TASK OBJECTIVE: The copy you return must match the listing word for word and carry no pictures.

DATA FOR PROCESSING:
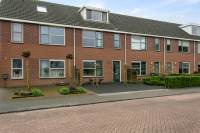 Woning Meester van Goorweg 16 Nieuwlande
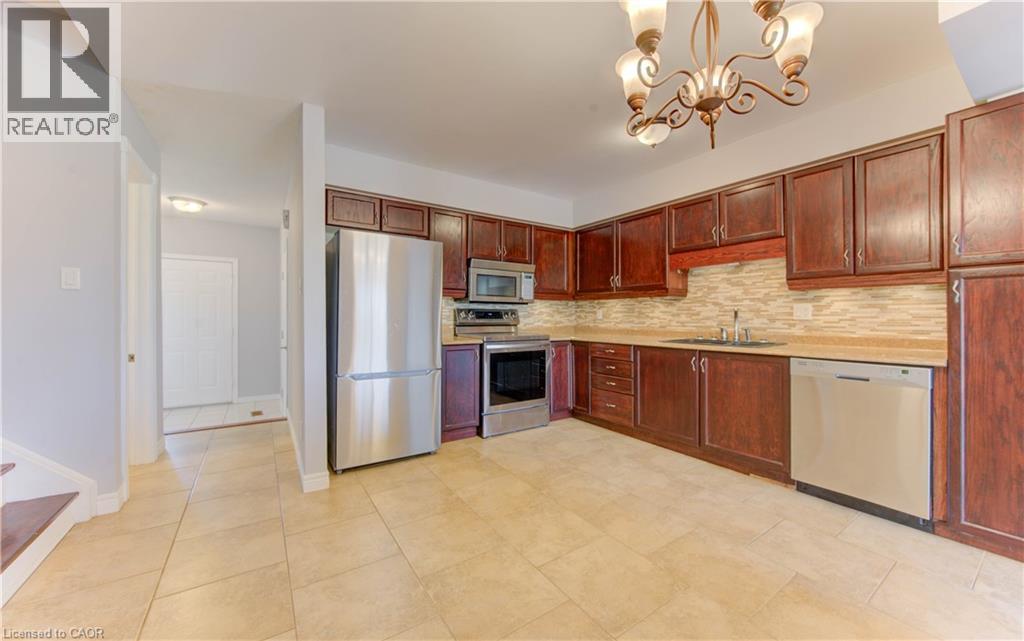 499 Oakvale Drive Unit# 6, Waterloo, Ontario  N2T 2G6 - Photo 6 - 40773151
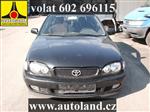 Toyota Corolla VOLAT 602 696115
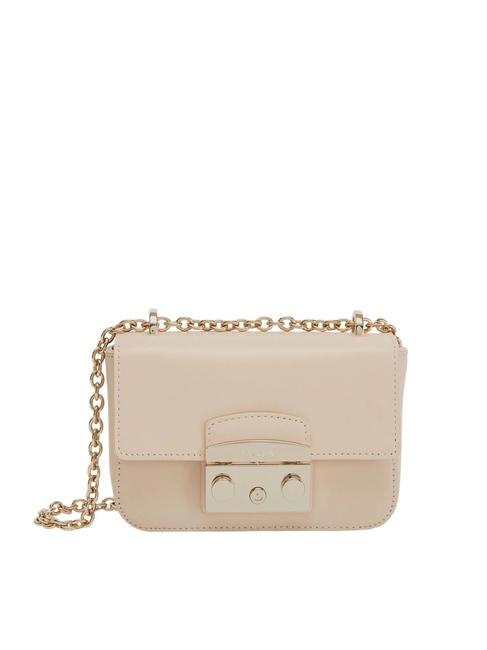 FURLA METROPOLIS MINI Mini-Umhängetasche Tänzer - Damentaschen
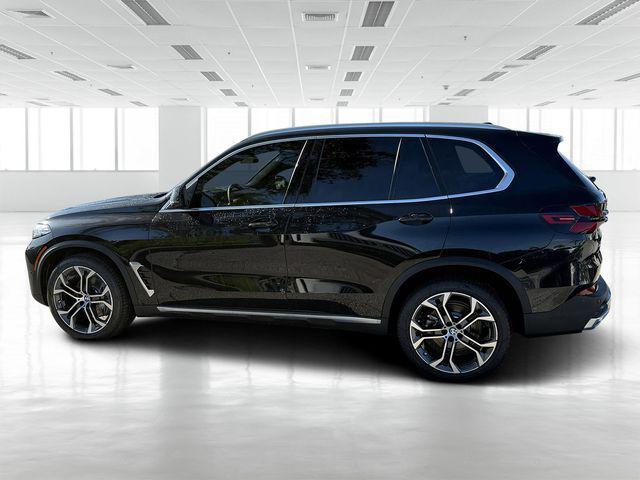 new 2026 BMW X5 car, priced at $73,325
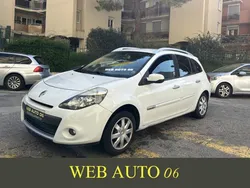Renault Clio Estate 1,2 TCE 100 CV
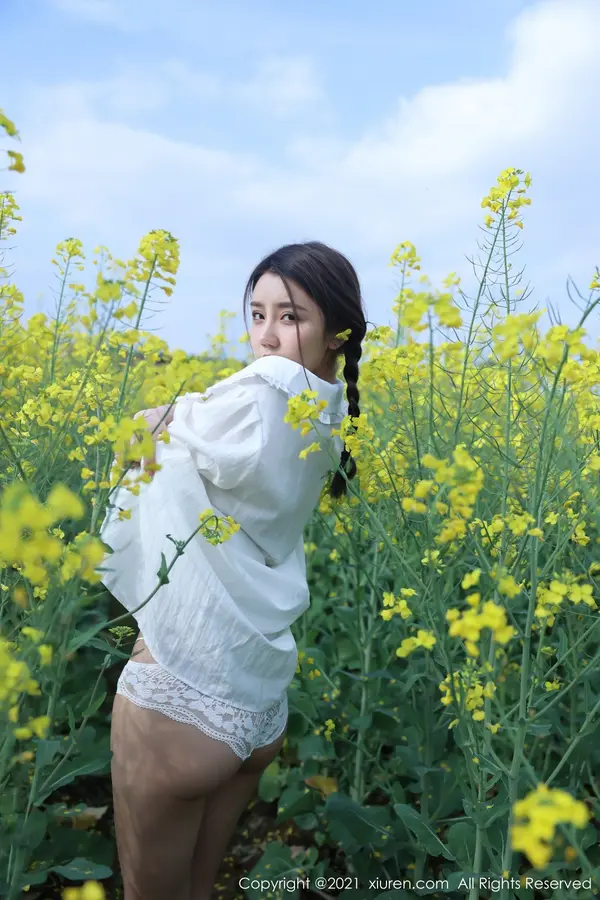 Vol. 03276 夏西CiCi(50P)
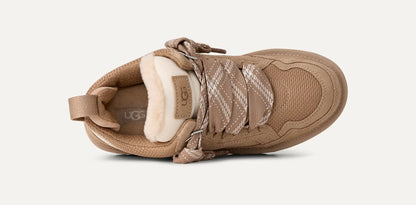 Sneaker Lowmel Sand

RESPONSE BOX:
 Woning Meester van Goorweg 16 Nieuwlande
 499 Oakvale Drive Unit# 6, Waterloo, Ontario  N2T 2G6 - Photo 6 - 40773151
 Toyota Corolla VOLAT 602 696115
 FURLA METROPOLIS MINI Mini-Umhängetasche Tänzer - Damentaschen
 new 2026 BMW X5 car, priced at $73,325
Renault Clio Estate 1,2 TCE 100 CV
 Vol. 03276 夏西CiCi(50P)
 Sneaker Lowmel Sand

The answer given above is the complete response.